Bill Gates talks clearly about the benefits of Blogs and RSS:

“This (weblogs and RSS) is a very interesting thing, because whenever you want to send e-mail you always have to sit there and think who do I copy on this. There might be people who might be interested in it or might feel like if it gets forwarded to them they’ll wonder why I didn’t put their name on it. But, then again, I don’t want to interrupt them or make them think this is some deeply profound thing that I’m saying, but they might want to know. And so, you have a tough time deciding how broadly to send it out.

Then again, if you just put information on a Web site, then people don’t know to come visit that Web site, and it’s very painful to keep visiting somebody’s Web site and it never changes. It’s very typical that a lot of the Web sites you go to that are personal in nature just eventually go completely stale and you waste time looking at it.

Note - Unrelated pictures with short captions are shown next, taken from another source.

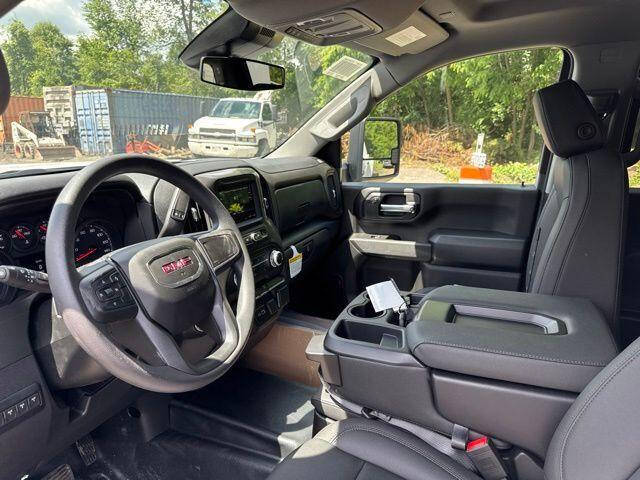 2026 GMC Sierra 3500HD CC Pro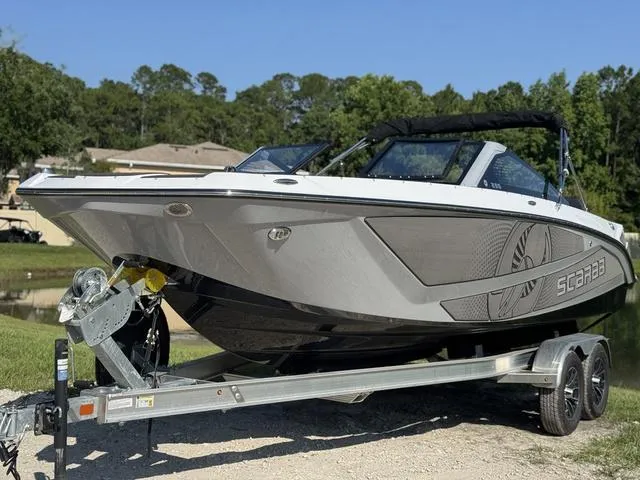 Slide: The Image of Scarab 235 LX 2025 - 3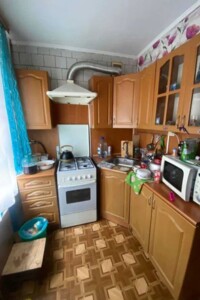 Продаж квартири, Київська, Макарів, р‑н. Макарів, Фастівська (Ватутіна) вулиця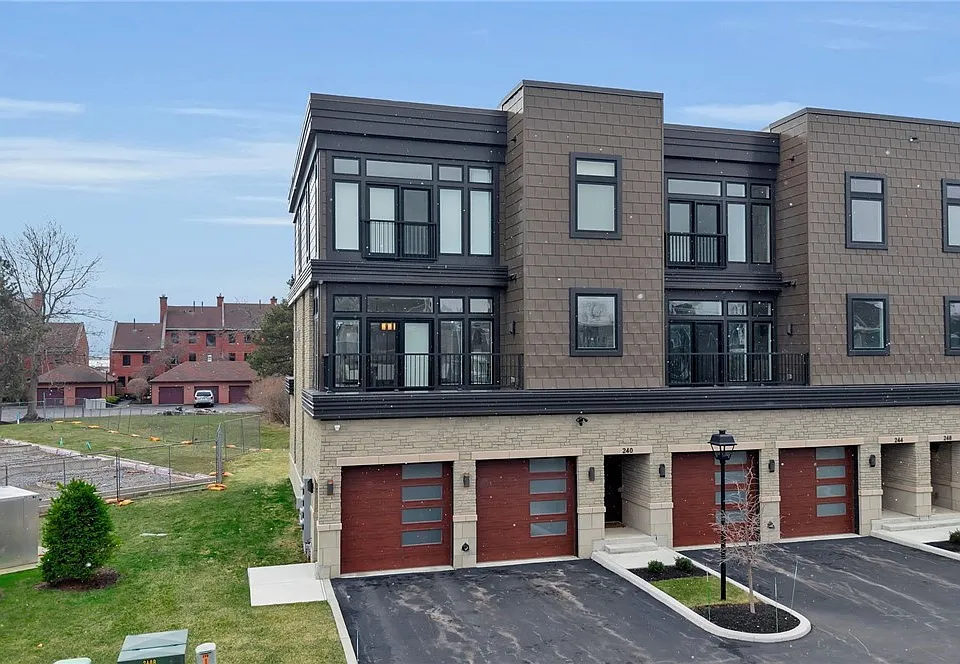 240 Lakefront Blvd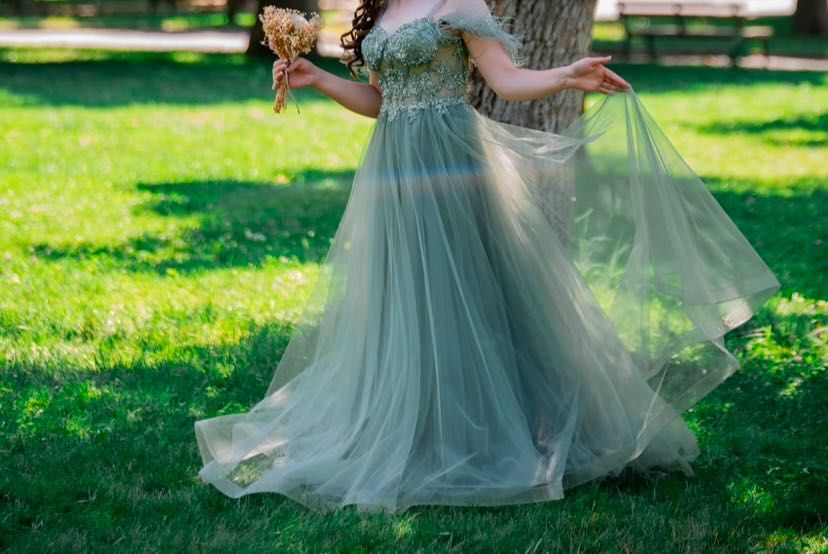 Бална официална зелена рокля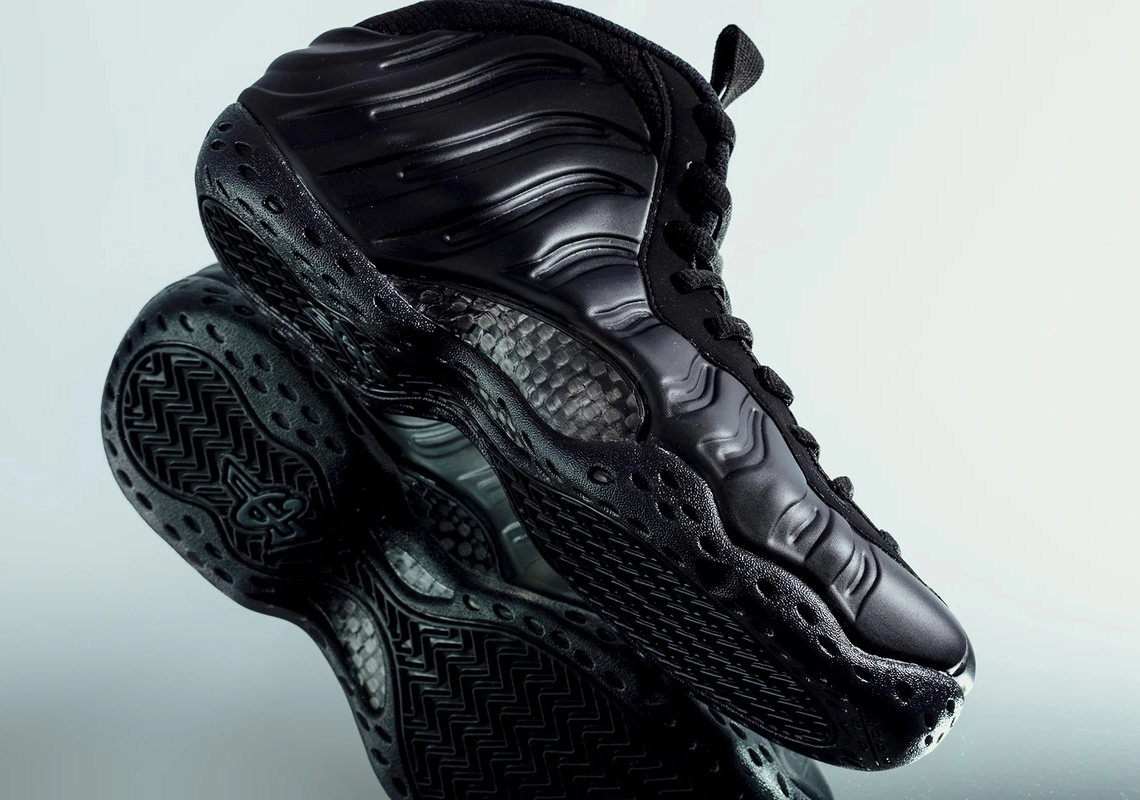 anthracite foamposite release date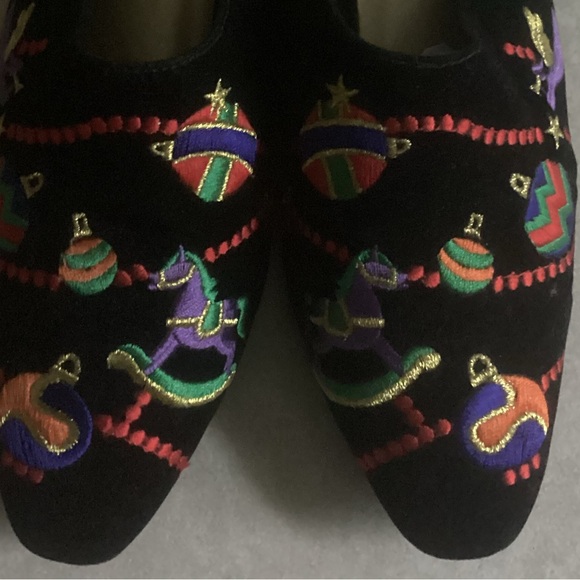 Ellemenno holiday slides Sz 7 black velvet shoes embellished - Picture 4 of 5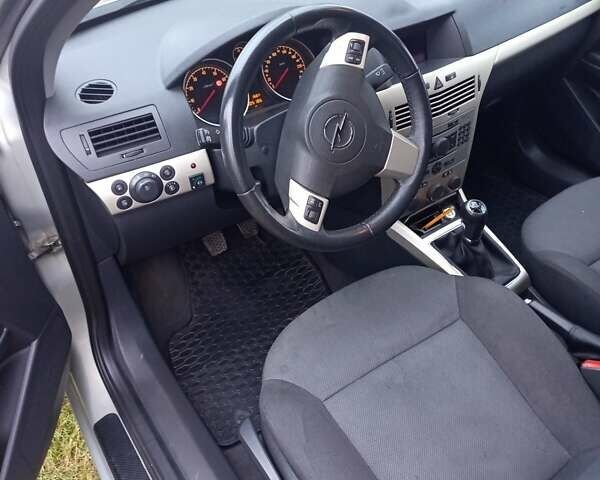 Серый Опель Астра, объемом двигателя 1.6 л и пробегом 306 тыс. км за 5500 $, фото 7 на Automoto.ua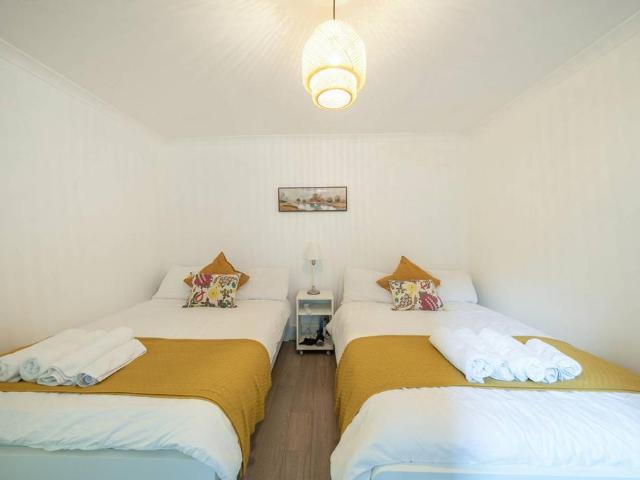 Flat for sale in Kentish Town, Greater London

And so, what blogging and these notifications are about is that you make it very easy to write something that you can think of, like an e-mail, but it goes up onto a Web site. And then people who care about that get a little notification. And so, for example, if you care about dozens of people whenever they write about a certain topic, you can have that notification come into your Inbox and it will be in a different folder and so only when you’re interested in browsing about that topic do you go in and follow those, and it doesn’t interfere with your normal Inbox.

And so if I do a trip report, say, and put that in a blog format, then all the employees at Microsoft who really want to look at that and who have keywords that connect to it or even people outside, they can find the information.

And so, getting away from the drawbacks of e-mail — that it’s too imposing — and yet the drawbacks of the Web site — that you don’t know if there’s something new and interesting there — this is about solving that. The ultimate idea is that you should get the information you want when you want it, and we’re progressively getting better and better at that by watching your behavior, ranking things in different ways.”